Ward of the City of London

Dowgate, also referred to as Downgate and Downegate, is a small ward in the City of London, the historic and financial centre of London, England. The ward is bounded to the east by Swan Lane and Laurence Poutney Lane, to the south by the River Thames, to the west by Cousin Lane and College Hill, and to the north by Cannon Street. It is where the "lost" Walbrook watercourse emptied into the Thames.

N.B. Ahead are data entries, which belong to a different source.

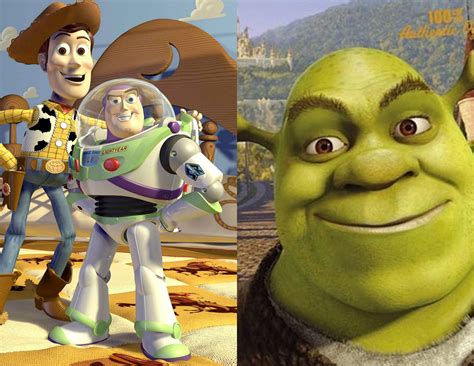 Pixar vs Dreamworks - Who Wins the Animation Battle?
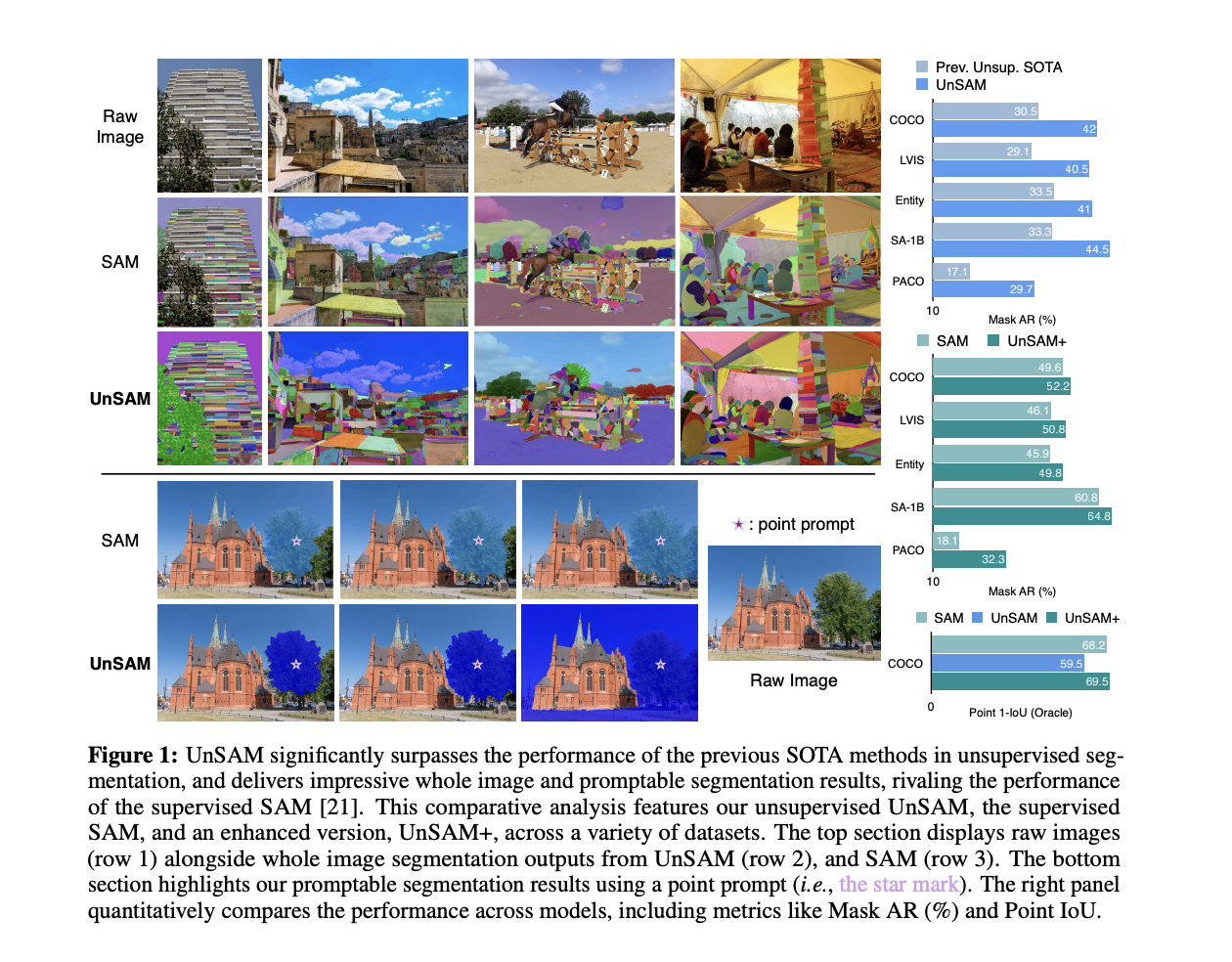  Researchers from UC Berkeley Present UnSAM in Computer Vision: A New Paradigm for Segmentation with Minimal Data, Achieving State-of-the-Art Results Without Human Annotation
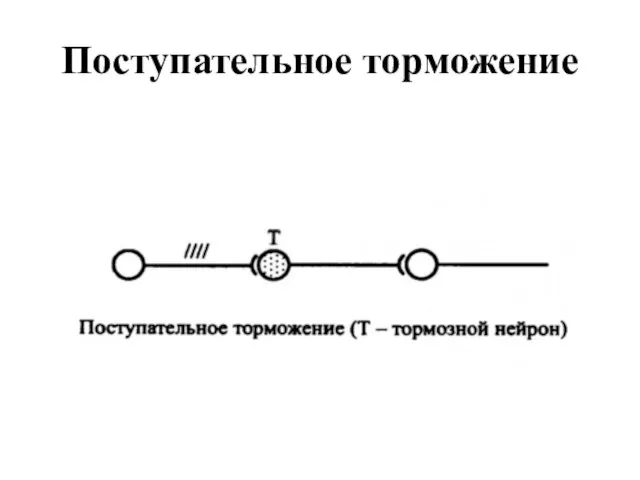 Поступательное торможение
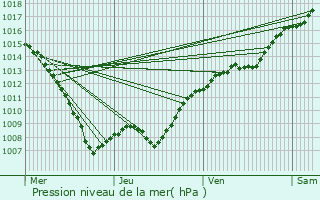 Graphe de la pression atmosphrique prvue pour Cuisy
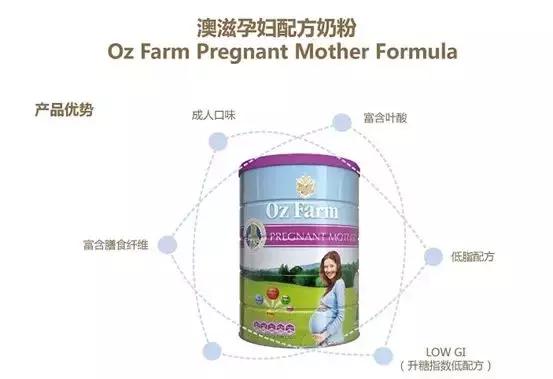 孕期要喝孕期奶粉吗,孕期应该喝什么茶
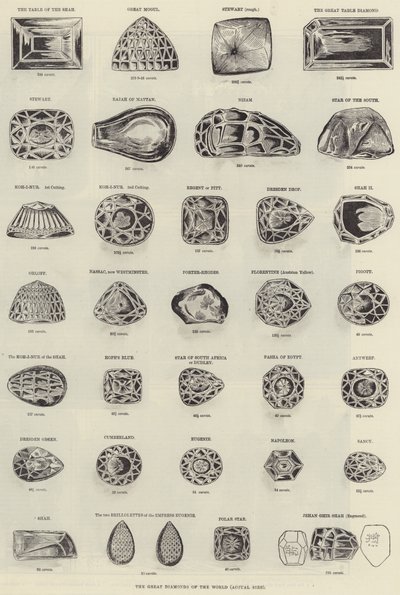 Les grands diamants du monde (gravure) - English School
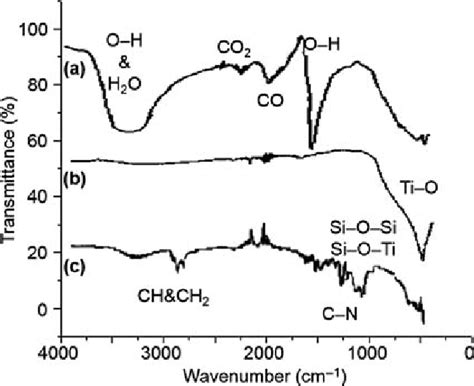 Ftit Spectra Of A As Prepared Tio 2 Nanoparticles B Download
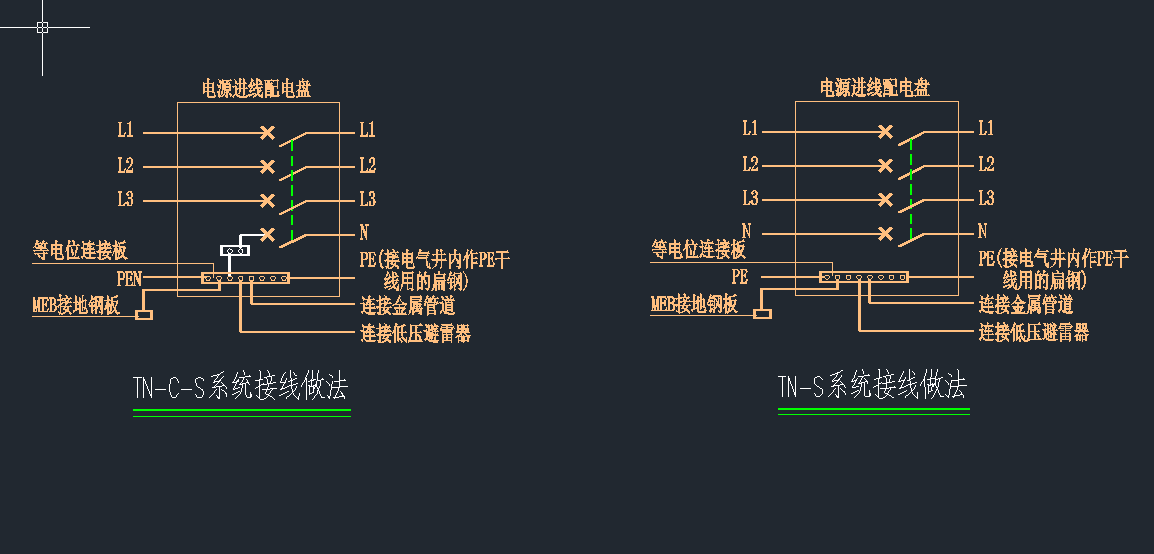 TN-C-Sϵy(tng)cadʩȫO(sh)Ӌ(j)CADD늚O(sh)Ӌ(j)dwgʩD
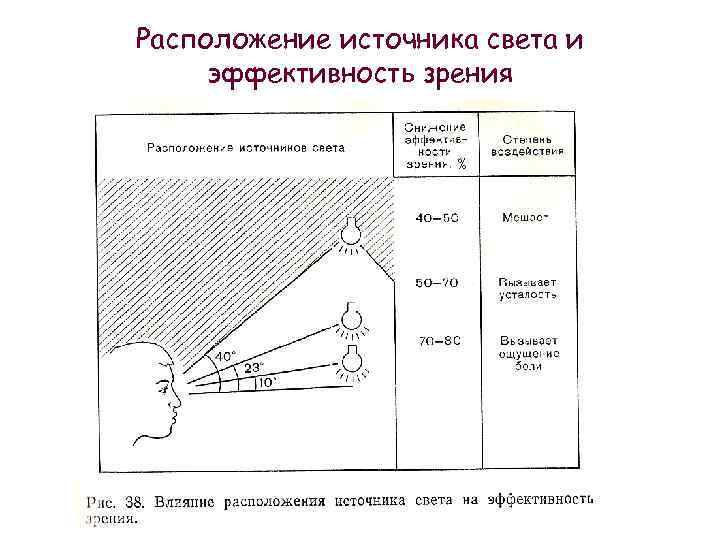 Расположение источника света и эффективность зрения 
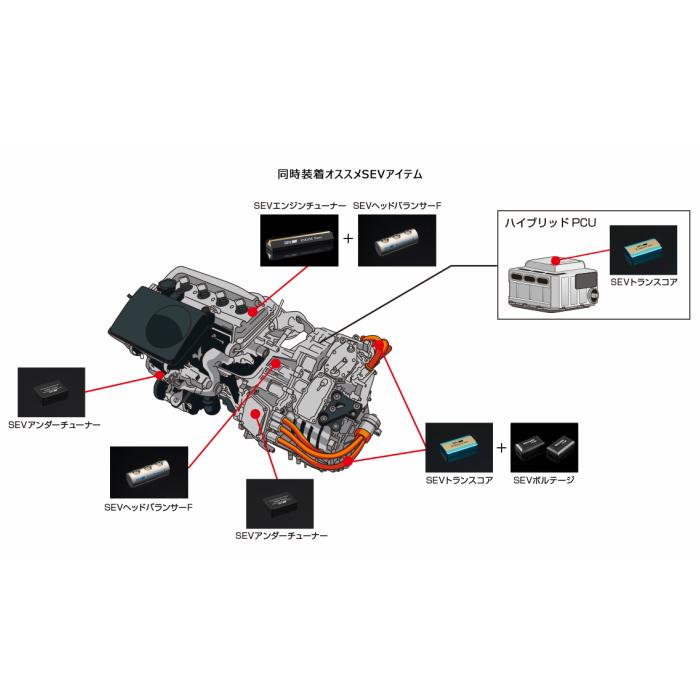 SEV（セブ） SEVアンダーチューナー : NAGANUMAKIKAKU - 通販 - Yahoo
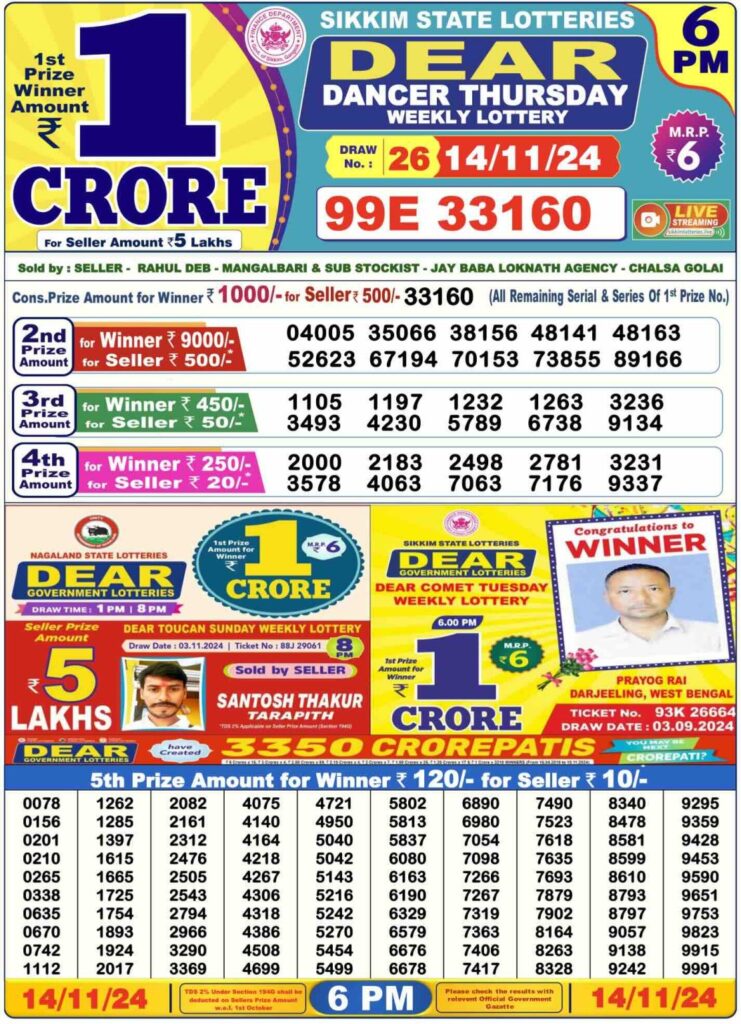 Dear Lottery Sambad Result 6 PM Today 14/11/24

A number of City livery companies are quartered in the ward: the Worshipful Company of Dyers, Worshipful Company of Innholders, Worshipful Company of Skinners and Worshipful Company of Tallow Chandlers. There is one church, St. Michael Paternoster, (Note: Described by John Betjeman asA round colonnaded temple with round urns on it, a middle stage with curving corbels, more urns, round turret supporting a vane.) where, in addition to its local and congregational causes, the Anglican Mission to Seafarers convenes and fundraises. The ward also contains Cannon Street station, which is on the site of the Steelyard (a mediaeval trading port of the Hanseatic League), and Dowgate Fire Station on Upper Thames Street, the only London Fire Brigade station within the City of London.

==Politics==
Dowgate is one of the 25 wards of the City of London, each electing an alderman to the Court of Aldermen and commoners (the City equivalent of a councillor) to the Court of Common Council of the City of London Corporation. Only electors who are Freemen of the City of London are eligible to stand.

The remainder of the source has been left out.